Normally I only post on topics that would classify as goings-on updates. Lately I’ve felt led to go a little deeper. Please indulge me for a brief moment.
Sometimes I struggle with where God has me. If I should’ve learned anything this past year and a half it is that God works in the minutia. His plan for me is a string of moments, not one grand gesture. As I watch Zoe grow, I fall more in love with her each day. I realize how blessed I am with the privilege of being her mommy.
I know you’re wondering where the struggle is. As an only child, I had always dreamed that I would have more than one child. I wanted my children to know siblings because I never did. Then I was told I would have a hard time getting pregnant; that my chances of miscarriage were great because of a hormone condition. In my early 20s I prepared for a life without children.
When I married N we decided to try almost immediately. Yet I was unconvinced that it would happen. I called fertility clinics to see what the guidelines were and the chances of someone with my condition would have to conceive. I was always told that we had to try for at least a year before we could come to them. So I prepared myself for a long road.

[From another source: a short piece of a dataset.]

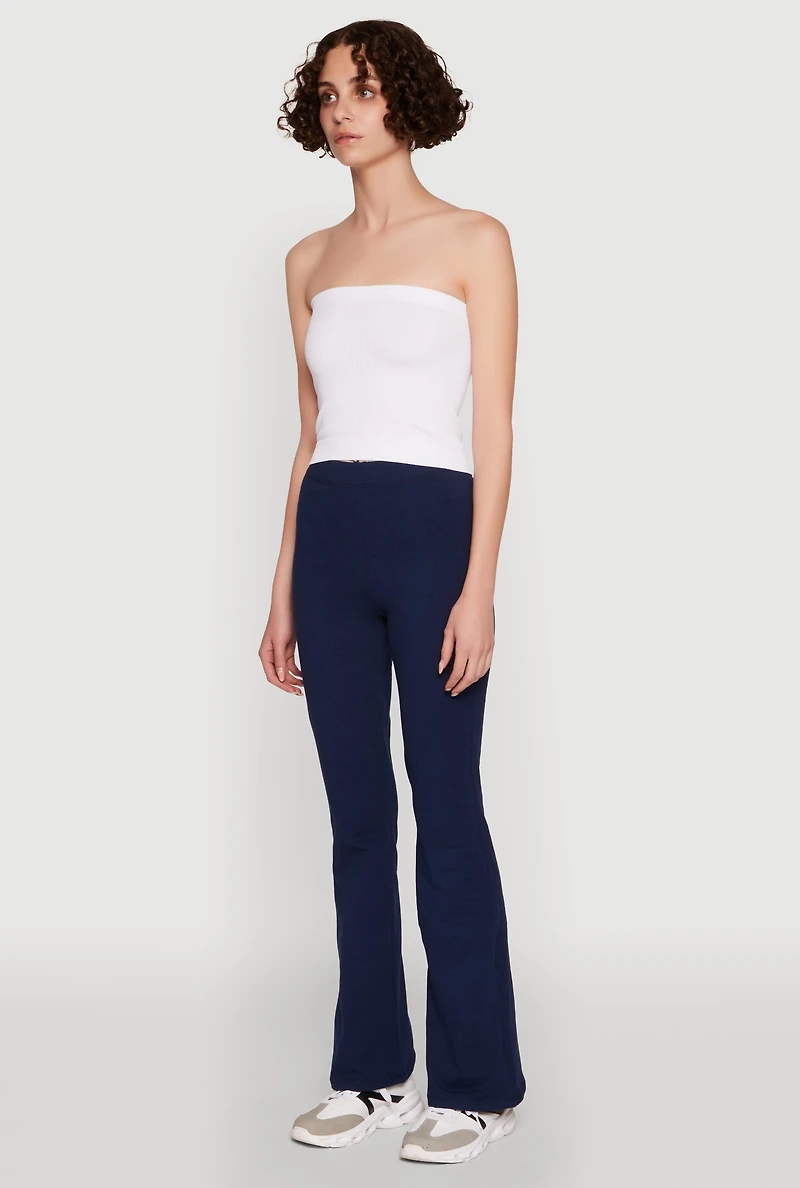 Womens High Waisted Flared Yoga Pants, Blue, Size M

God had a different plan for me. It was surprisingly easy to get pregnant. All those high school health class teachers really did know what they were talking about! I loved being pregnant. I loved the nausea. I loved the weight gain and leg cramps. I loved every trip to the bathroom. I loved feeling Zoe move. It meant I was going to be a mother. Her mother. It meant for a short 9 months I could provide for her every need. I knew her.

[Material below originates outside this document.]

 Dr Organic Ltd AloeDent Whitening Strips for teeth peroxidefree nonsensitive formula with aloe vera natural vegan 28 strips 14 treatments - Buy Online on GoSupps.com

I prayed daily for her. I prayed daily for me to be the mommy God wanted me to be. Then I learned what it was like to praise God in that storm. He carried us. He gave us both life that day.
I realize I’m still in a storm. I will never again experience the nausea, the weight gain, the leg cramps, the multiple trips to the bathroom or the flutter of an unborn child. God’s plan for me doesn’t include more children.
Please don’t read this wrong. Zoe is perfect. She is everything I prayed for and then some. I wouldn’t trade a moment of my time with her for anything. I'm having to learn to let go of my dreams, my desires and let God take control. Do I understand why this is His plan for me? No. Do I trust that He has a reason? Yes.
I heard a pastor ask, “do we interpret God through our circumstances or do we believe that He is who He says He is?” I pray God helps me understand who He is more each day. I pray He helps me let go of my desires, my dreams. I pray He helps me give Him the helm and to enjoy the ride. Each moment in my string of moments that He has already planned for me.
Jeremiah 29:11-13 – “For I know the plans I have for you,” declares the Lord, “plans to prosper you and not to harm you, plans to give you hope and a future. Then you will call upon Me and come and pray to Me, and I will listen to you. You will seek Me and find Me when you seek Me with all your heart.”
I Peter 1:8 - Though you have not seen Him, you love Him; and even though you do not see Him now, you believe in Him and are filled with an inexpressible and glorious joy.
2 comments:
Hey Lady! I'll certainly enlarge the pictures on my blog. Did you get the email I sent you re: your home address? I never saw a reply but also have a crazy spam filter and realize anything you sent may have been caught in that. Could you send me your home address? I have a card w/ your name on it just waiting to visit you :-)
So sorry to hear you're sad :-( Maybe you'll still have a huge family...lots of ways to get there without the pregnancy. Reading your blog made me feel more thankful for my pregnancy...weight gain and all :-)
I've also been meaning to tell you...you should check out my friend Dena's blog (she's on my page). she's a big scrap booker and has lots of scrappy things on her blog. Scrap bookers unite!